И снова ни Шкляр, ни Мойн не приводят аргументов в пользу того, что эти фаталистические взгляды ошибочны, а лишь (довольно точное) замечание, которое они оба делают, что эти позиции плохо согласуются с либеральной идеей о том, что люди обладают способностью проводить реформы, которые они одобряют.
Все писатели, о которых читал лекции Мойн, имели еврейское происхождение, хотя и были ненаблюдательны, и это приводит его к еще одной критике в их адрес. За исключением Поппера, все они относились к прогрессивной политике в Израиле гораздо более благосклонно, чем к политике других стран, и поддерживали внешнюю политику Израиля, уделяя мало внимания правам палестинцев: “Либералы времен холодной войны в большей степени, чем прежние сторонники свободы белых в традициях либерального империализма, могли понять, какие потери они понесли в расовой жертвенности — и все же, казалось, это не делало их более чуткими к их глобальным потерям. Таким образом, сионизм, единственное государственное освободительное движение, которое они поддерживали, лежит в основе их противоречий. Евреям на Ближнем Востоке была разрешена такая форма политики, которая была запрещена либертарианским требником, разработанным для Запада перед лицом советского врага.” Хотя его отзыв о Ханне Арендт довольно критичен, он хвалит ее осуждение сионизма после того, как она ранее поддерживала его. Как и Иуда Магнес, влиятельный американский раввин-реформатор и первый ректор Еврейского университета в Иерусалиме, она выступала за создание двунационального государства и была встревожена тем, что она считала фашистскими наклонностями ревизионистского сионизма, движения, возглавляемого Зеэвом Жаботинским, которое призывало к еврейскому контролю над всей Палестиной и Трансиорданией.
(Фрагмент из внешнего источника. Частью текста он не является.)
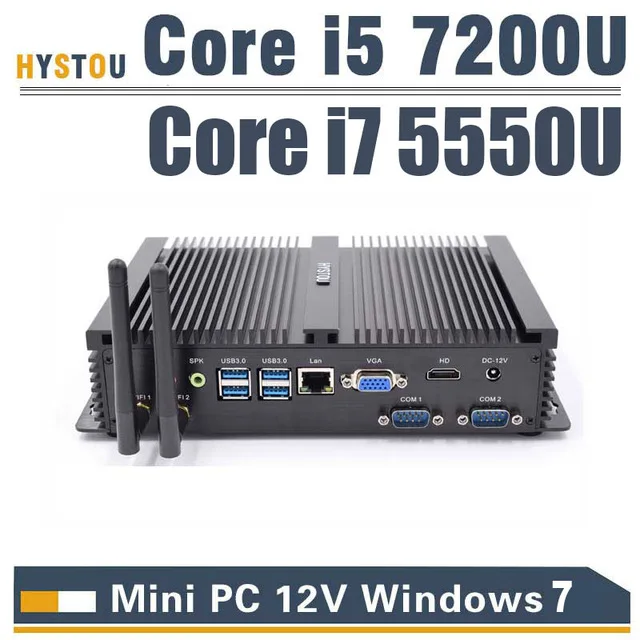 3 года гарантии HYSTOU Core i5 7200U безвентиляторный мини-ПК windows 10 linux настольный промышленный ПК с Core i7 Windows7 мини-компьютер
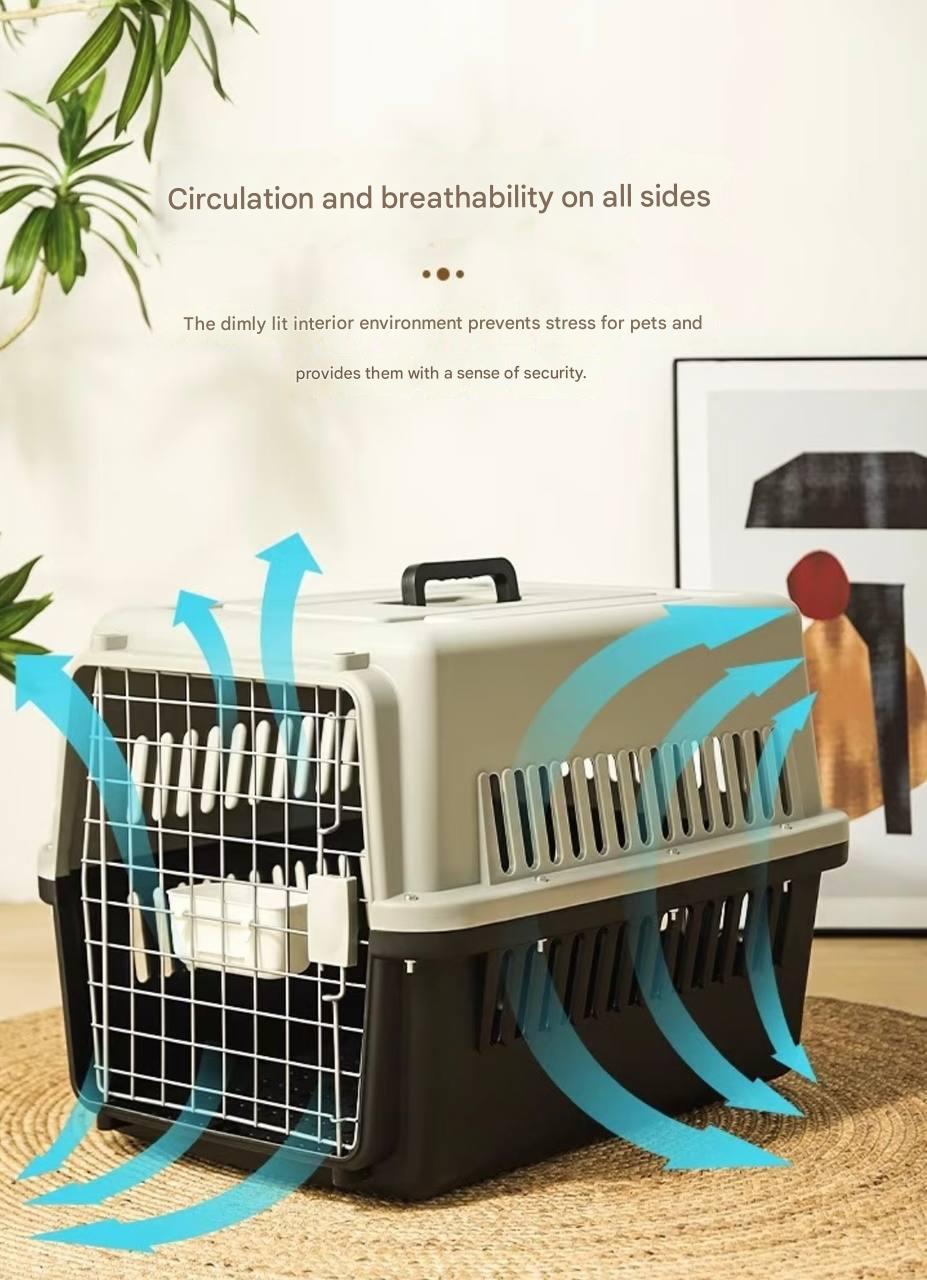 Pet airline crate - a must-have for safe and comfortable travel for cats and dogs. Universal portable and breathable airline luggage for pets. Specialized cage for airline transportation.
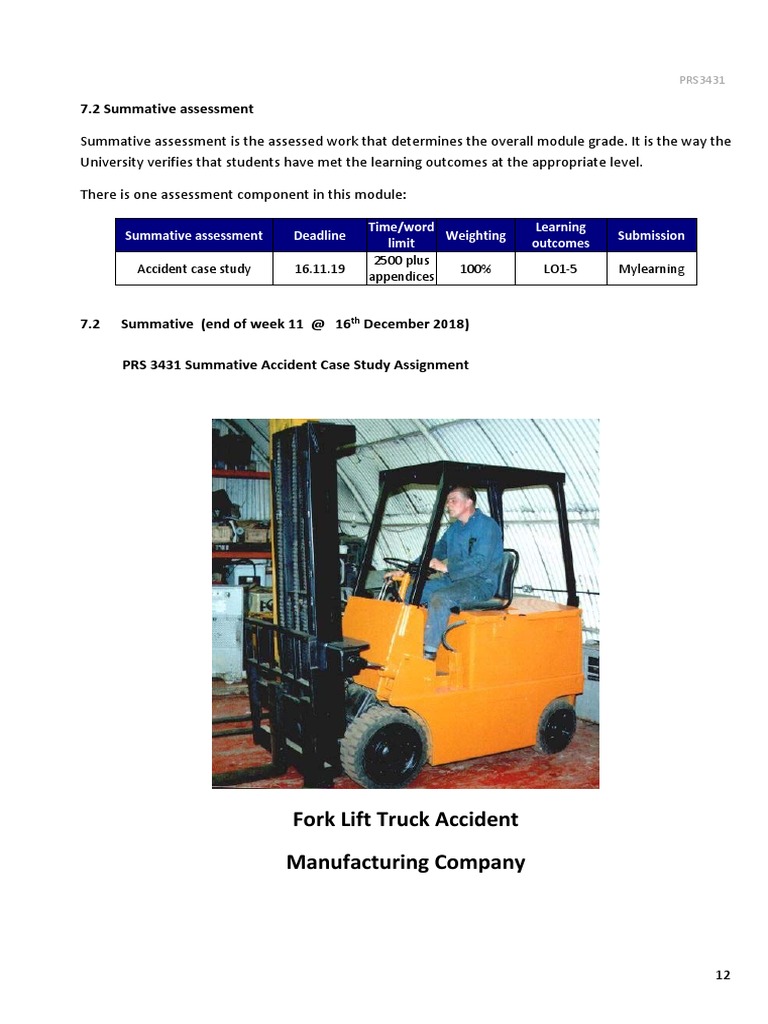 Forklift Accident Case Study Analysis | PDF | Safety | Business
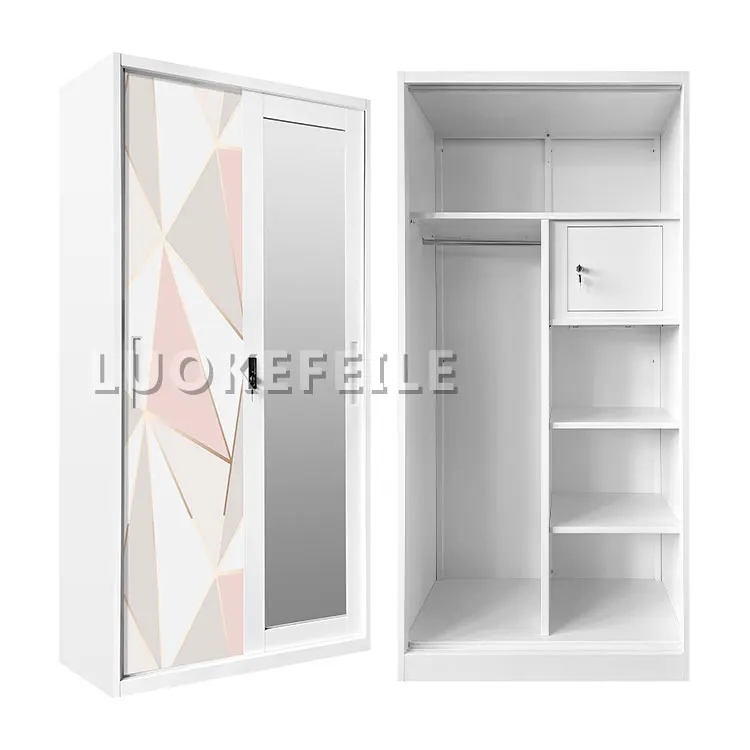 kids simple doors iron printed furniture mirror modern lightweight steel cabinet designs closet clothes bedroom metal wardrobe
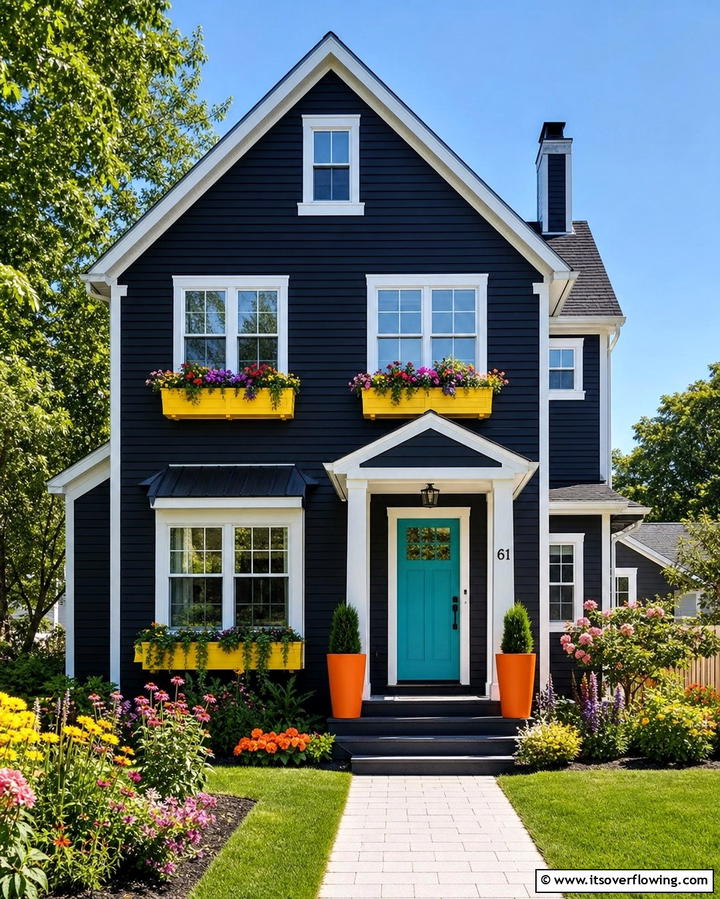 Black Siding with Pops of Bright Color - 25 Black Siding House Ideas for a Bold and Modern Look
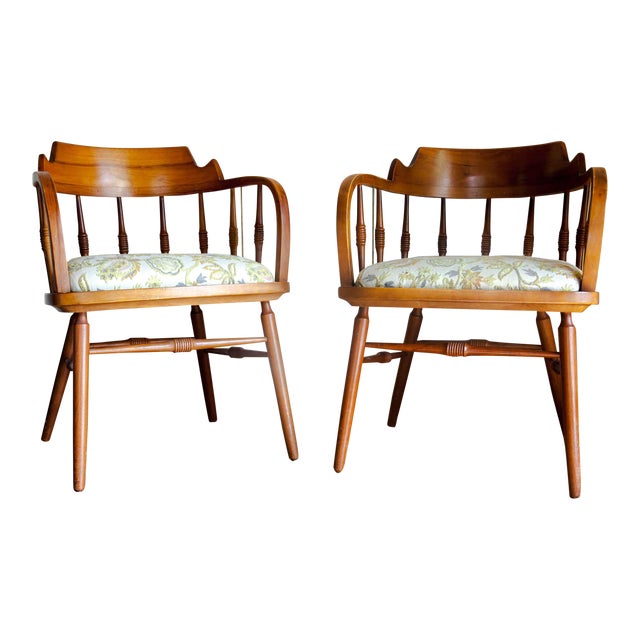 1950s Vintage Drexel Barrel Dining Office Accent Arm Chairs Pair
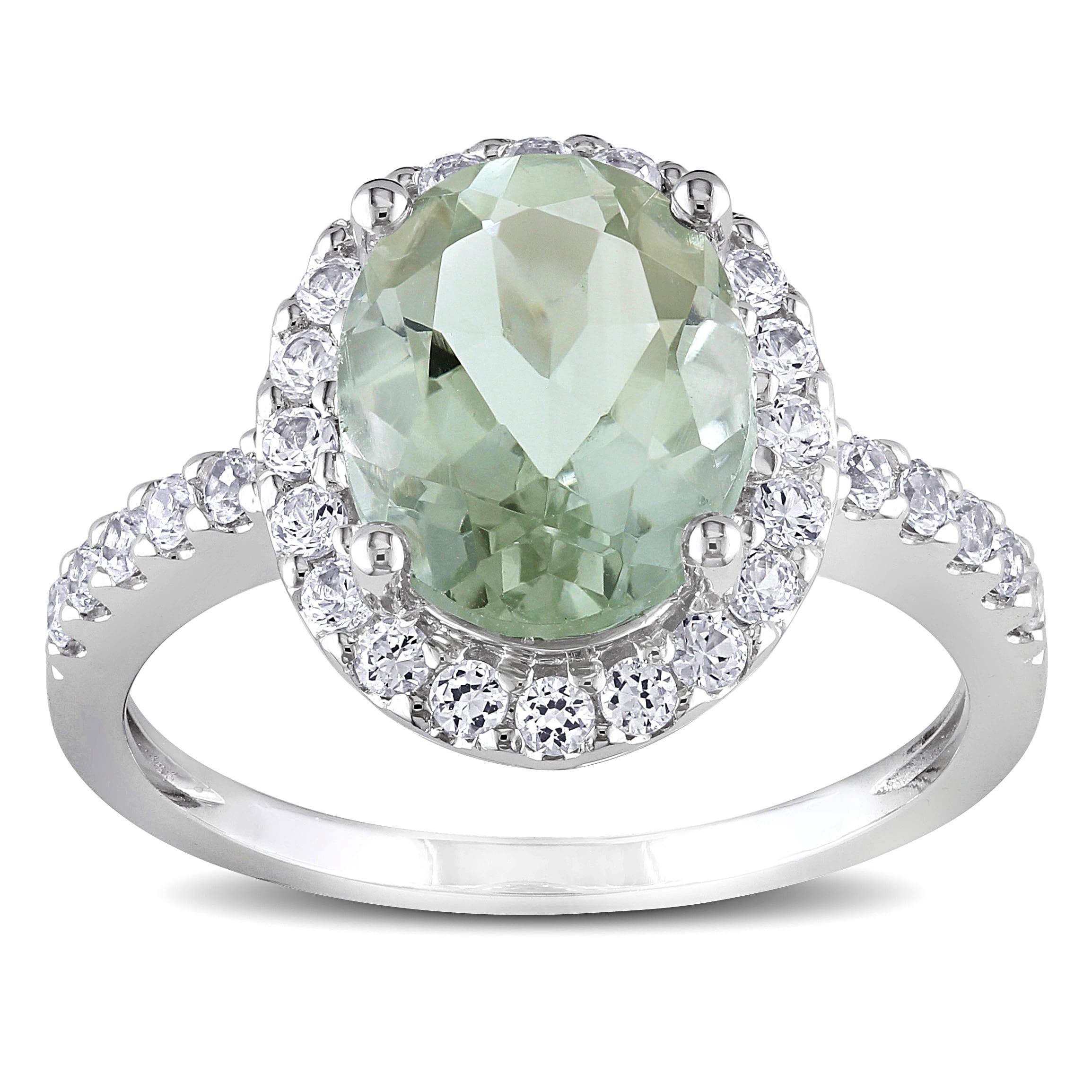 Miadora 10K White Gold Green Amethyst And Created White Sapphire Halo Ring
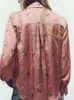 Damenblusen, Herbstmode, europäische und amerikanische, lässige, vielseitige Western-Stil, bedruckte Seidensatin-Textur, langärmeliges Hemd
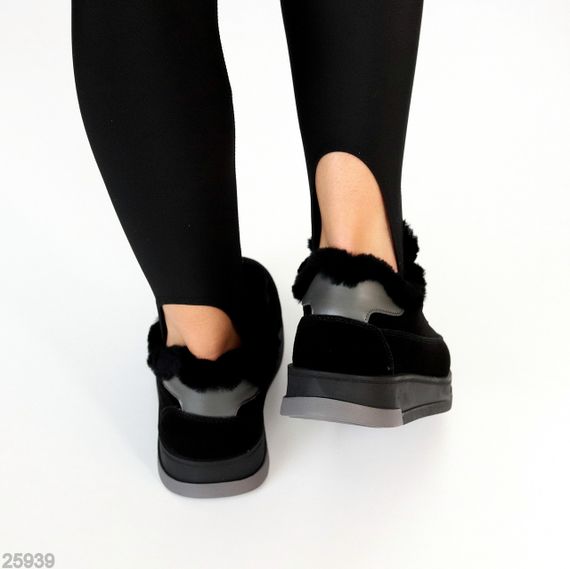 Стильные низкие черные зимние ботинки натуральная замша | Зображення 7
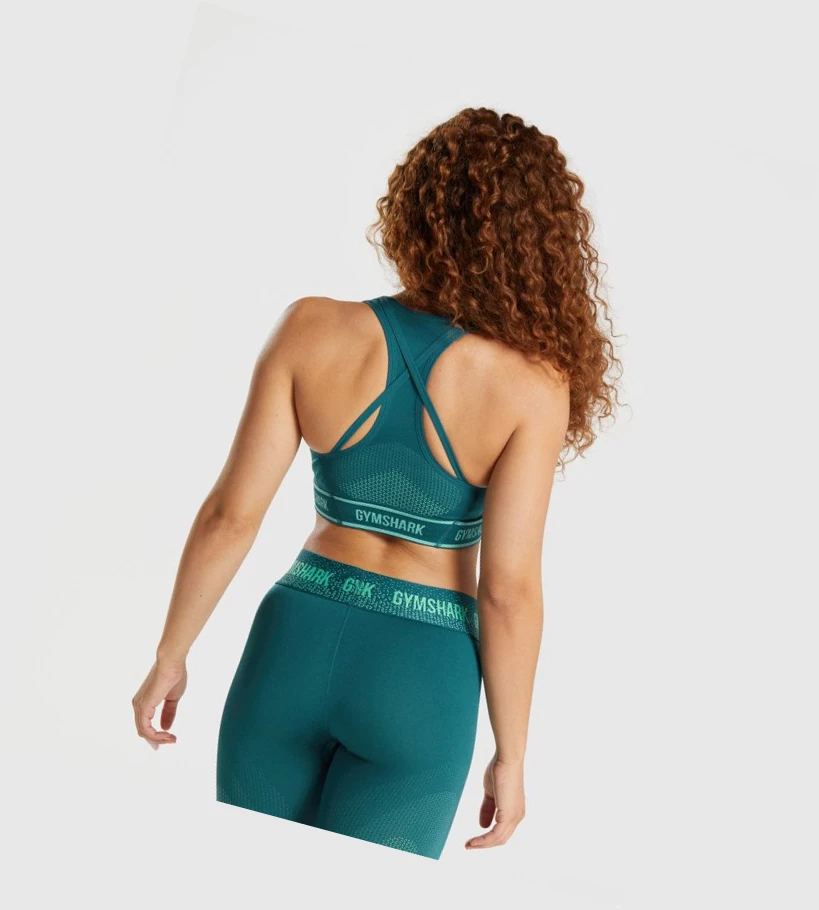 Sujetadores Deportivos Gymshark Apex Seamless Mujer Turquesa | LQHFZUN-85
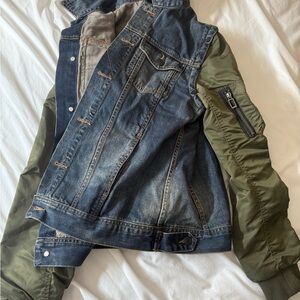 Zara Denim and Olive Green Jacket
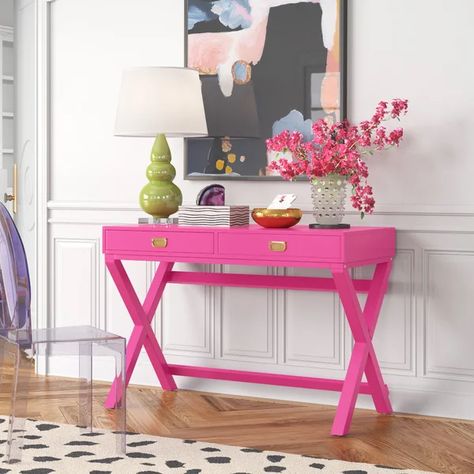 Flaviana Modern 44 Long Desk with Drawer Storage Y2k Office Decor, Colorful Preppy Bedroom, Anthropologie Inspired Home, Bright Apartment Decor, Glam Office Ideas, Preppy Furniture, Girly Office Space, Preppy Apartment Decor, Colorful Office Space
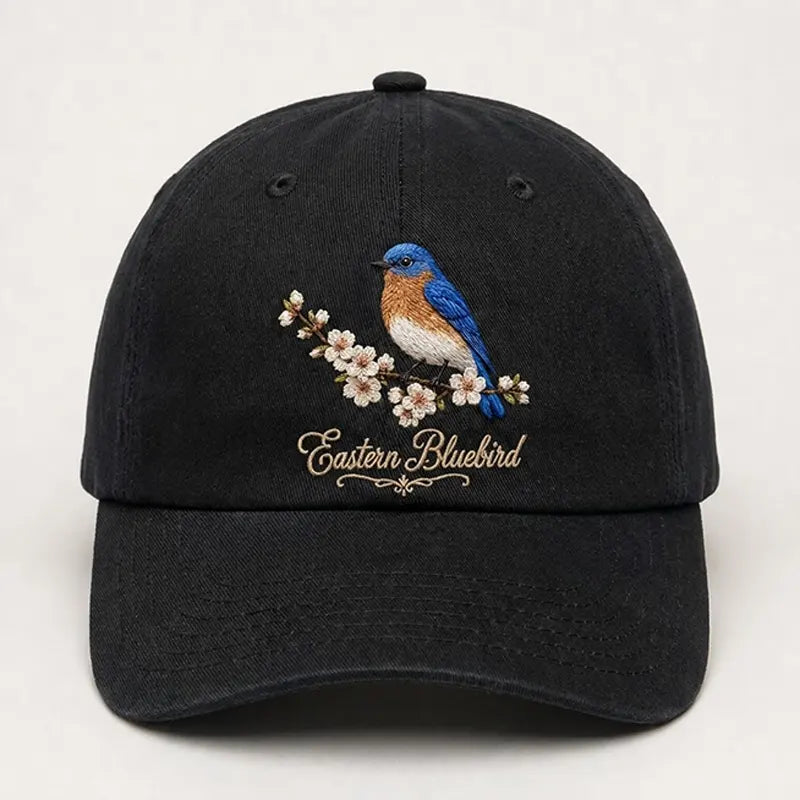 Bird Watching Bird Species Eastern Bluebird Embroidered Cap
Мойн считает Лайонела Триллинга “самым проницательным либералом времен холодной войны” в его понимании сложностей литературных и интеллектуальных течений, но, как и другие, он придерживался ограниченного взгляда на человеческие силы. Это вытекало из его интерпретации Фрейда, в которой подчеркивались пределы реформ, если принять фрейдовские теории агрессии и инстинкта смерти: “Фрейд был далек от того, чтобы быть освободителем во имя любви и секса, Фрейд был суровым моралистом, для которого агрессия и смерть неизбежно бросали тень на любовь и жизнь и наложил жесткие ограничения на реформы”.
Читатели замечательной во многих отношениях книги Сэмюэля Мойна получат четкое представление о том, как высокоодаренный ученый видит интеллектуалов времен холодной войны. Но если им нужны аргументы в поддержку его мнения о том, что эти либералы были менее “прогрессивными”, чем следовало бы, им нужно поискать в другом месте.